EU: in or out?

ON JANUARY 1, 1973, BRITAIN’S UNION JACK WAS RAISED above the Brussels head­quarters of the European Economic Community to mark the entry of the UK into what was generally known as the Common Market.

‘Our’ flag went up at the same time as the tricolour of the Republic of Ireland and white-on-red cross of Denmark, increasing by 50 per cent the membership of the or­ganisation, previously made up of Belgium, Italy, Luxembourg, the Netherlands and what was then West Germany – plus France, whose president Charles de Gaulle had twice vetoed the UK’s entry. Britain’s then prime minister, Edward Heath, said at the time that membership of the EEC would “bring prosperity to the country”.

“It is going to be a gradual develop­ment and obviously things are not going to happen overnight, but from the point of view of our everyday lives we will find there is a great cross-fertilisation of knowledge and information, not only in business but in every other sphere,” he said. “This will enable us to be more efficient and more competitive in gaining more markets not only in Europe but in the rest of the world.”

In just a few weeks’ time the British elec­torate – many of whom recently deemed Boaty McBoatface to be a suitable name for a royal research ship, thereby calling into question their sagacity, if not their love of quirkiness – will vote to decide whether or not to walk away from all those supposed benefits. The last plebiscite, in 1975, saw 67 per of voters in favour of remaining in, but this year’s poll is expected to be much closer.

If the referendum results in a ‘Brexit’ outcome, breaking the innumerable ties forged over more than four decades will not be easy. While David Cameron might echo his prime ministerial predeces­sor’s words that “things are not going to happen overnight”, European law says that any withdrawal negotiations have to be completed within two years, after which membership simply lapses.

As Johnny Nash sang so presciently in 1972, “there are more questions than answers”, and not just about the referen­dum result itself. If the UK votes to stay in, will the other European Union (EU) member states agree to further reform, or will they see the decision as an endorse­ment of the status quo? If the UK votes to leave, will the government be able to negotiate an orderly exodus from the EU as a whole, or with individual EU members, or with blocs of EU members? What might be the likely results of any negotiations?


Even if one confines the puzzle param­eters to the corporate travel sector, the picture scarcely becomes clearer. UK travellers would obviously have to renew all passports – which currently proclaim membership of the Union – and, having done so, would presumably be denied access to the relatively fast-tracked EU immigration channels at airports.

Beyond that, no-one knows. The paucity of knowledge doesn’t mean there is a cor­responding paucity of opinions, however. While the Guild of Travel Management Companies (GTMC) declines to express a view, its chairman, Graham Ramsey, dis­plays no such reticence. The ATPI Group chief executive is at pains to stress that his comments are based on his own personal position and absolutely not (necessarily) those of the organisation he chairs. He is characteristically forthright.

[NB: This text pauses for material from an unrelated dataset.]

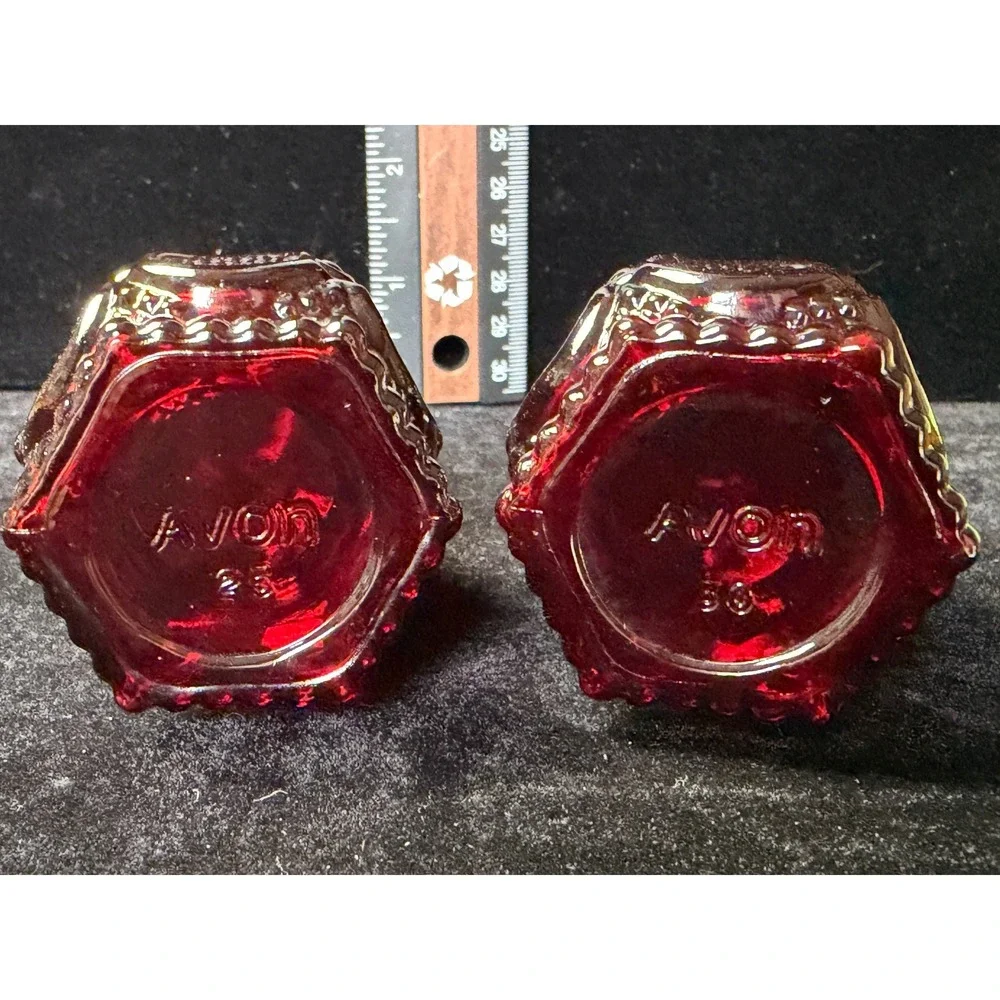Avon Cape Cod Ruby Red Glass Salt and Pepper Shakers Set Vintage 1876 Pattern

“The problem is nobody really knows what would happen, but we would have to come to some sort of agreement on visas, work permits, and that sort of thing,” he says. “I don’t think we know what the impact is going to be, but I cannot see any positives from the business travel point of view. My instincts tell me we will see no benefit in terms of corporate travel or business travel generally.”

He says he can’t see how the UK can ef­fectively “damage” the EU and then expect the member nations to be predisposed to still deal favourably with it. “My personal view is that we are much better ‘in’, where we have the opportunity to discuss issues, than ‘out’, where we don’t. I think it’s naive to believe that a Brexit would mean more jobs – the people who are here already aren’t going to leave. It’s not going to stop immigration or terrorism.”

He adds: “As for our ‘special relationship’ with the US, that was a phrase originally coined by Winston Churchill. I think it was true in the Thatcher/Reagan years, and to some extent with Bush and Blair, but it’s not the way the US thinks – they have a ‘special relationship’ with Europe, not merely with us. I think we should stay in, and continue to lobby for the ability to re-negotiate issues, as they arise, from within.”


Ramsey has a perhaps-unlikely ally in Michael O’Leary, chief executive of Ryanair, and a man not known for his affection for the European Commission, the EU’s executive branch. “Ryanair is absolutely clear that the UK economy and its future growth prospects are stronger as a member of the European Union than they are outside of the EU,” O’Leary said recently. “Leaving Europe won’t save the UK money or red tape because, like Norway, the UK will still have to contribute to Europe and obey its rules if it wants to continue to trade freely with Europe.” He urged Ryanair’s customers to deliver a “resounding ‘yes’ vote on June 23”.

His remarks were accompanied by a Ryanair statement that insisted the airline remains critical of both UK and EU govern­ment failure to promote low-fare tourism growth, but is a committed supporter of the UK remaining in Europe.

“Ryanair agrees that the EU needs reform, to reduce bureaucracy and become more efficient for the benefit of Europe’s consumers. The best way to achieve this reform is for the UK to lead from within the European Union and not from outside,” the statement concluded.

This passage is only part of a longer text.